A ciência sempre foi algo que deveria existir por si mesma. De novo segundo Aristóteles, uma coisa tem um valor máximo e pode servir de objetivo apenas se ela tem um valor intrínseco, i.e., se ela não está sujeita a outro fim que não ela mesma. A vida teorética não está sujeita a nada, ela é pura contemplação, ao contemplar o contemplador não visa preencher ou realizar outro fim que não a própria contemplação. Então, se a contemplação estivesse sujeita a outra coisa, ela perderia seu valor. Por isso que a contemplação e a ciência, para Aristóteles, Platão e os medievais, jamais deveriam estar sujeitas a outro objetivo que não a própria contemplação ela mesma. Portanto, a noção de que alguma coisa só tem valor quando ela serve, por exemplo, ao mercado, ou às “riquezas”, para um grego, um homem antigo em qualquer lugar do mundo, ou mesmo um homem medieval, soaria no mínimo cômico, senão irônico.

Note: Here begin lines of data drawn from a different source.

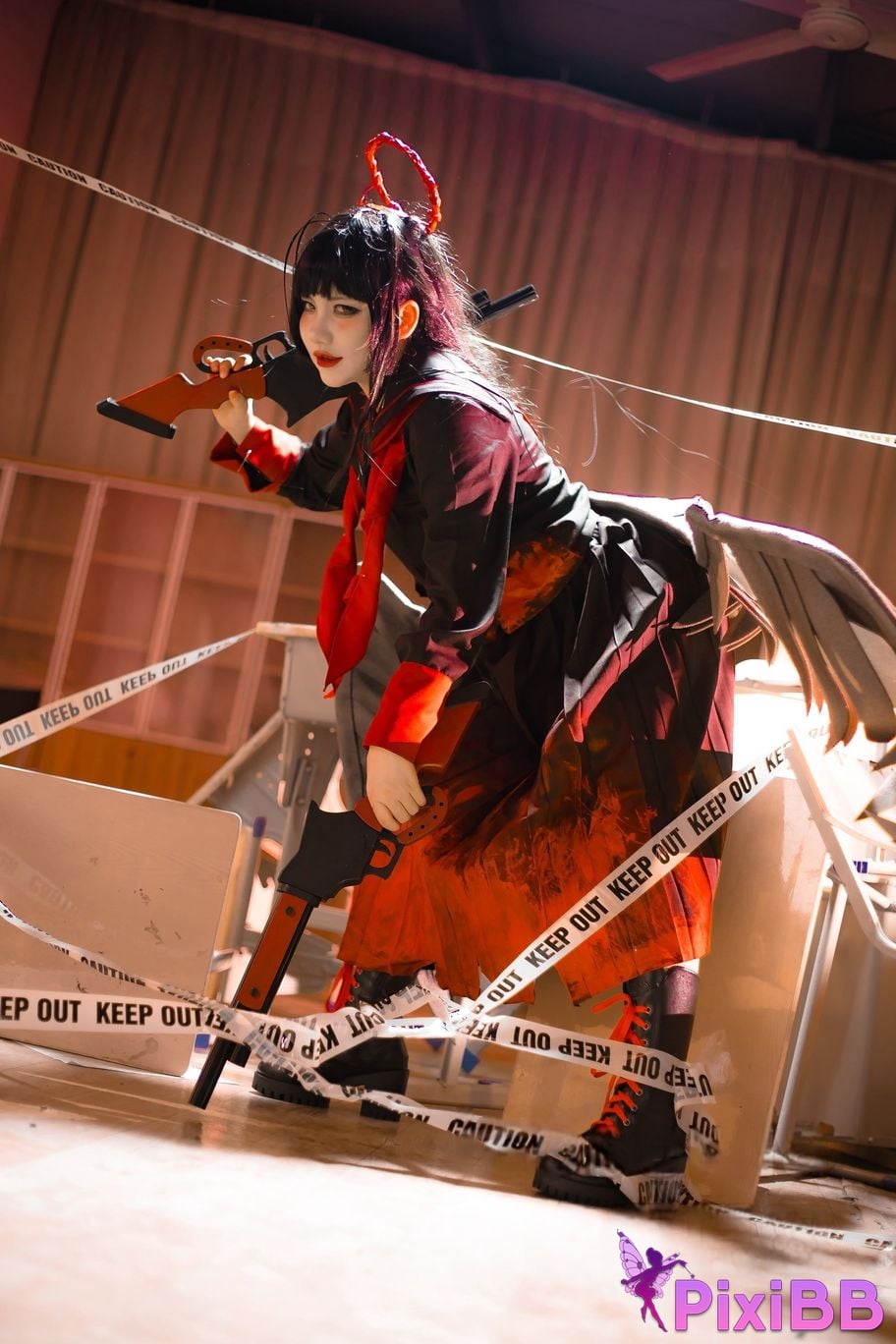 Coser Shi yi zhi xiong zai ma PixiBB.COM 037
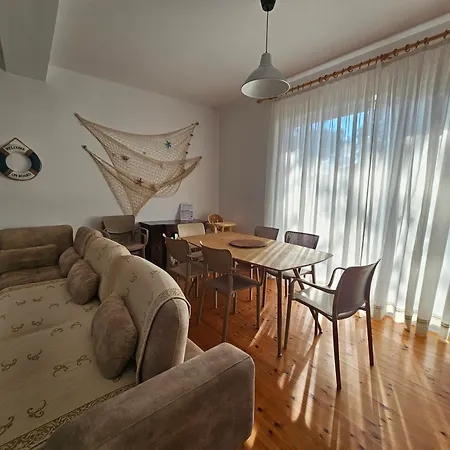 Beachfront Blue Wave In Private Qerret, Albania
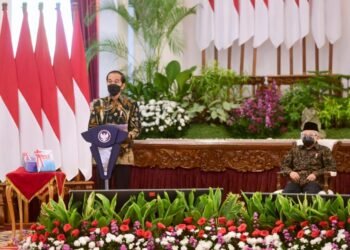 Presiden Jokowi: Penanganan Pandemi Perlu Kesamaan Frekuensi 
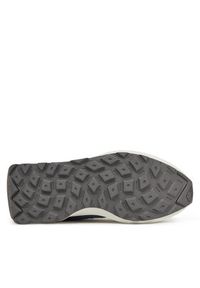 New Balance Sneakersy U370AG Granatowy. Kolor: niebieski. Materiał: skóra, zamsz #6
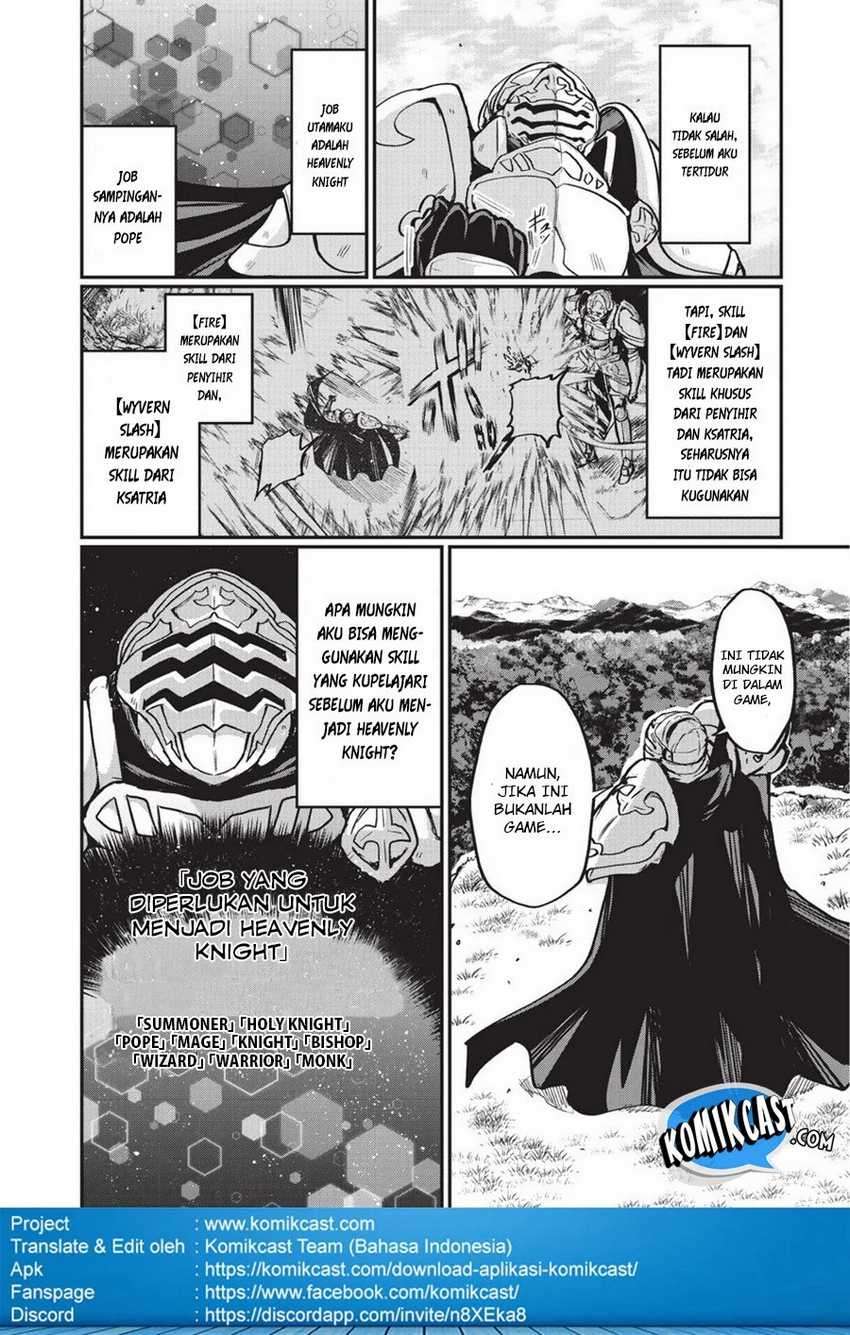 Gaikotsu Kishi-sama Tadaima Isekai e o Dekake-chuu Chapter 01 Bahasa Indonesia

De um modo ou de outro, soaria assim: satânico. Pois é através da contemplação que contatamos os deuses e recebemos sabedoria, o bom e o belo, a justiça etc.; se a contemplação for sujeitada a um fim exclusivamente terreno, titânico ou material, ela estará servindo não aos deuses, mas a outro tipo de “coisa”, a saber entidades “subterrâneas”, obscuras, de algum modo inimigas, que têm o caráter de desviar a mente humana, distraí-la para fins estranhos e perigosos.

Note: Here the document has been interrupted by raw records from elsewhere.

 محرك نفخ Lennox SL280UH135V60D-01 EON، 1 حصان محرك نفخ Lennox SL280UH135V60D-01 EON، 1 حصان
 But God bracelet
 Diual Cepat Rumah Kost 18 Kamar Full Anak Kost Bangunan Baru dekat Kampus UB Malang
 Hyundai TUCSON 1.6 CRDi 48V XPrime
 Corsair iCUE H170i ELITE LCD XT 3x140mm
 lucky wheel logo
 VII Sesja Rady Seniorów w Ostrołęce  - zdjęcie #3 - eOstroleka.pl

Para Jâmblico, por exemplo, um neoplatônico importante, que influenciou largamente o desenvolvimento científico e religioso no Ocidente e no Oriente Próximo, a matemática pitagórica, que compreendia o núcleo duro de toda atividade científica, servia para purificar a alma dos elementos obscuros, “terrenos”, a fim de torna-la leve, límpida, e fazê-la ascender aos deuses. As ciências tinham em geral um aspecto ao mesmo tempo religioso, pois os princípios científicos ensinavam também a teologia e inspiravam ao bom e belo transcendente, e tinha também um aspecto ético/político, pois o aprendizado funcionava como uma paideia capaz de tornar mais sutil os hábitos e os pensamentos do aluno, que, na medida em que ascendia espiritualmente, também ascendia politicamente rumo a níveis superiores na hierarquia humana.

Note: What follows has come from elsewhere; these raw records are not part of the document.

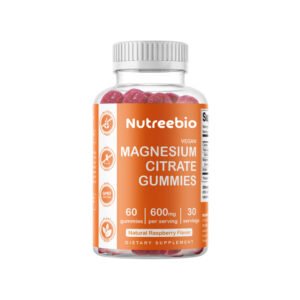 Magnesium-Citrate gummies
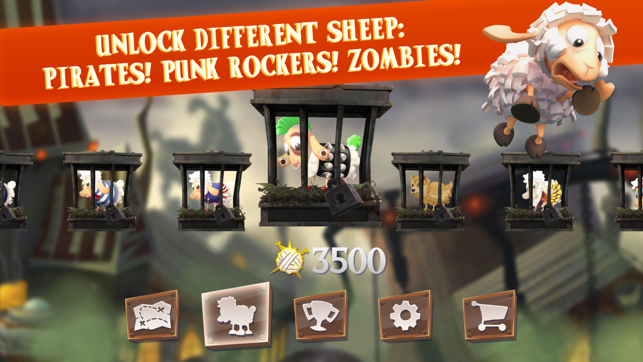 ‎Flockers Screenshot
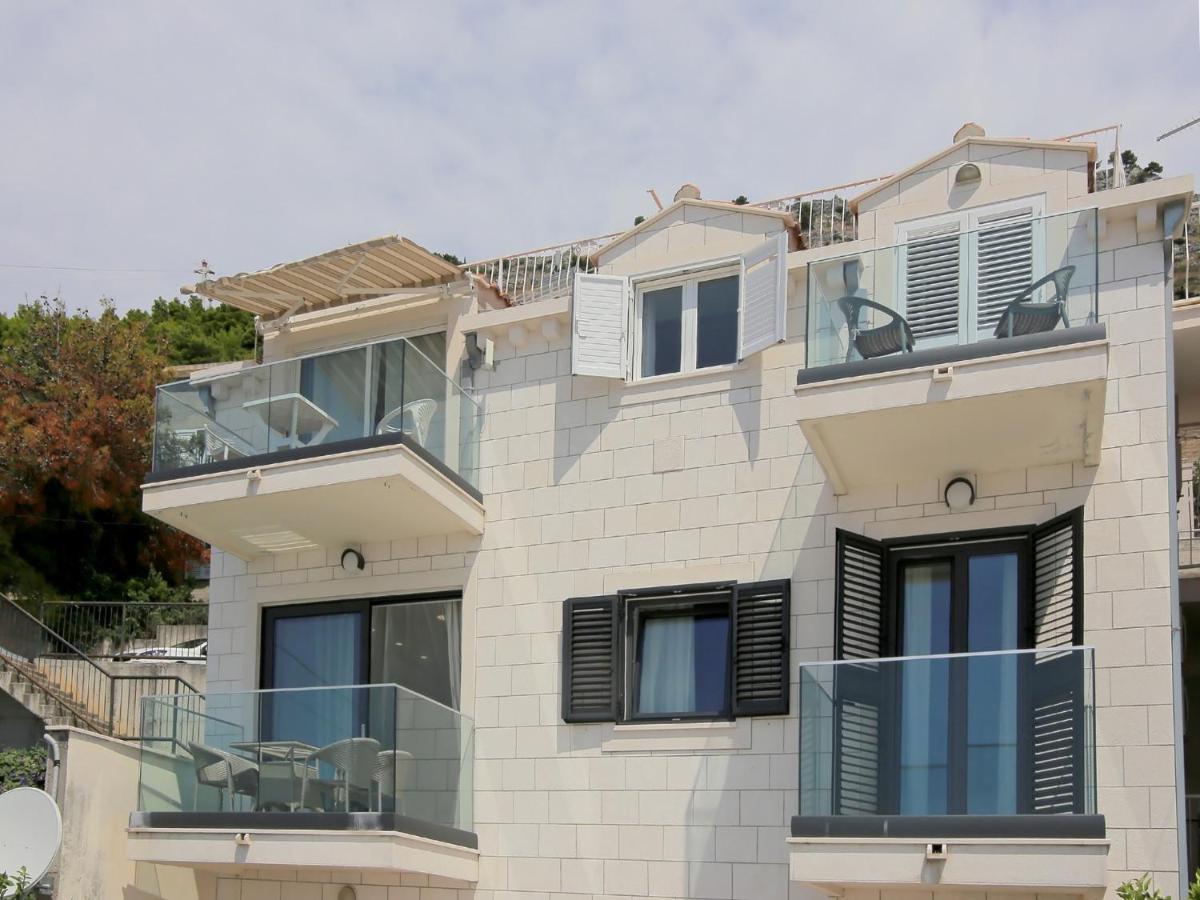 Luxury Amarin Apartment Dubrovnik Exterior foto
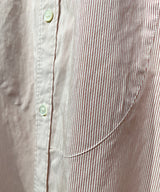 OLD McQUEEN DRESS SHIRT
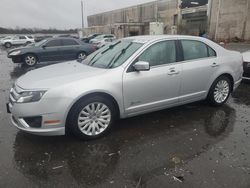 Clean Title Cars for sale at auction: 2011 Ford Fusion Hybrid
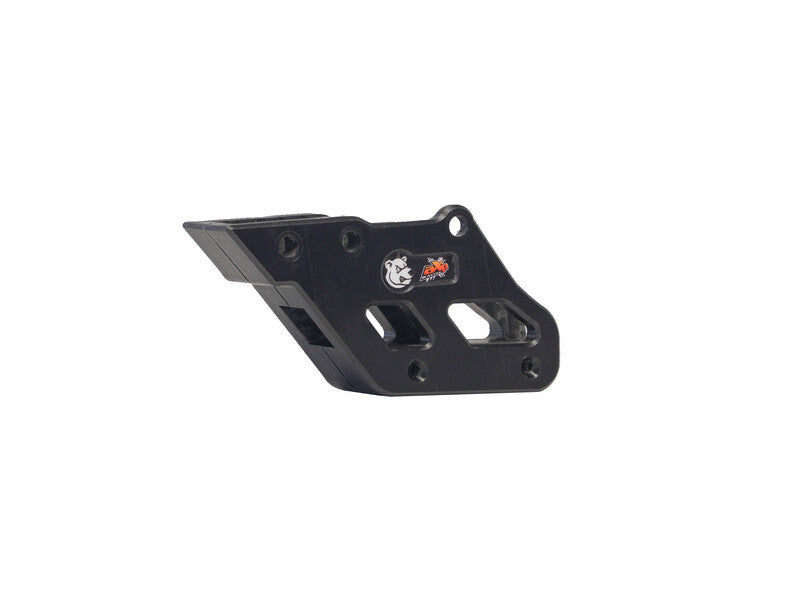 AXP CHAIN GUIDE UHMW, BLK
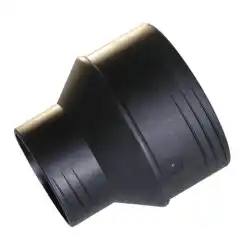 Webasto Adapter Avgreningsrør 80/55 mm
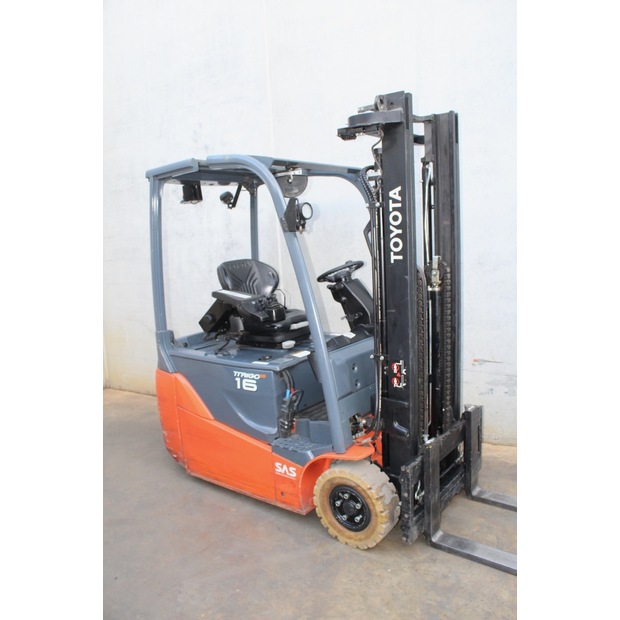 2019 تويوتا 8FBE16T-45692360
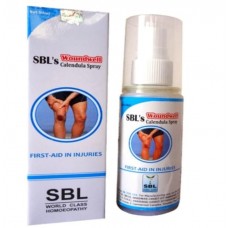 Sbl woundwell calendula spray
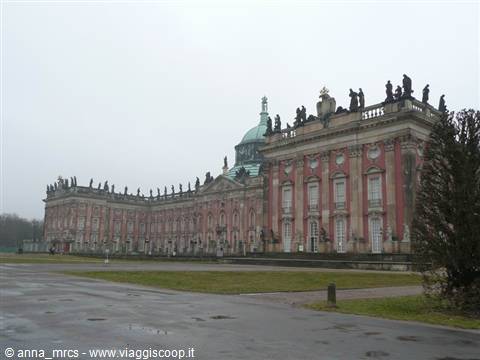 Potsdam - Neues Palais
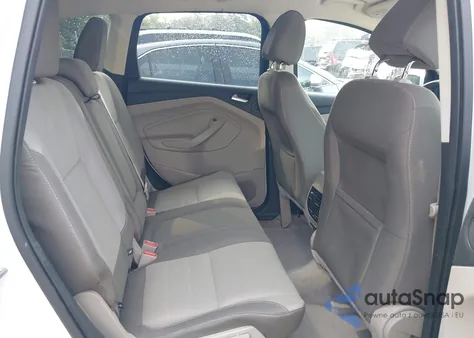 2016 Ford Escape Se z USA, uszkodzony, nr VIN 1FMCU9GX8GUB75636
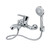 Смеситель для ванны Loranto Тапфьюжн OW-6130 - фото 2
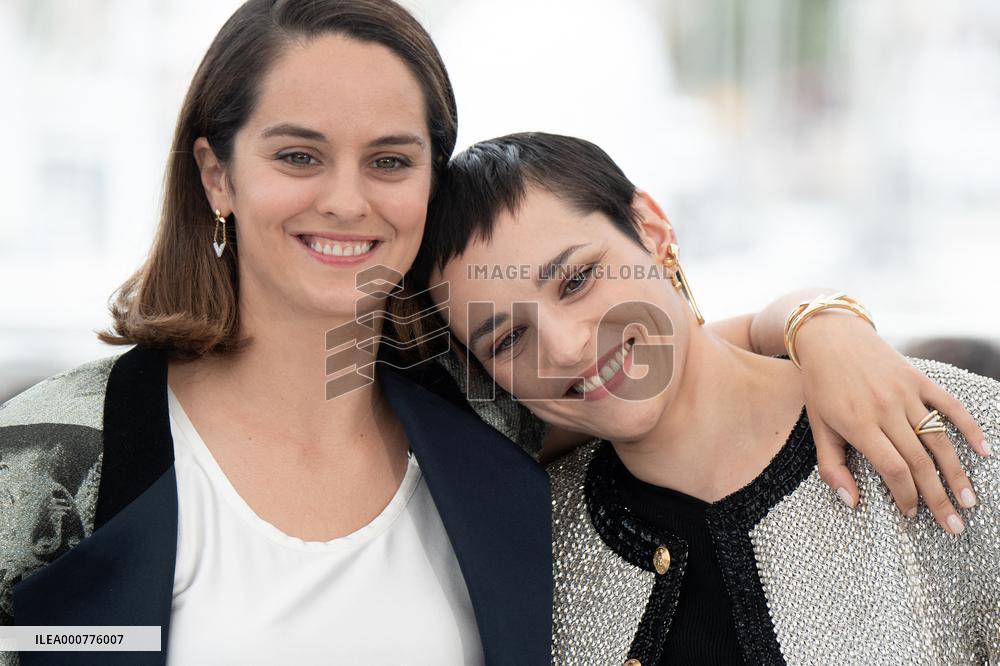 Cannes-Les Olympiades-Photocall- DN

Aqui, de novo, e assim sempre, o objetivo da ciência está voltado à contemplação pura, à teoria, à especulação, à kalokagatia ou o bom e belo como ideal e modo de vida, como felicidade. Nada de “aplicação” e muito menos de “gerar riqueza” para um tal de “mercado”. O mercado é o reino de Mammon, e não se pode servir a dois senhores ao mesmo tempo.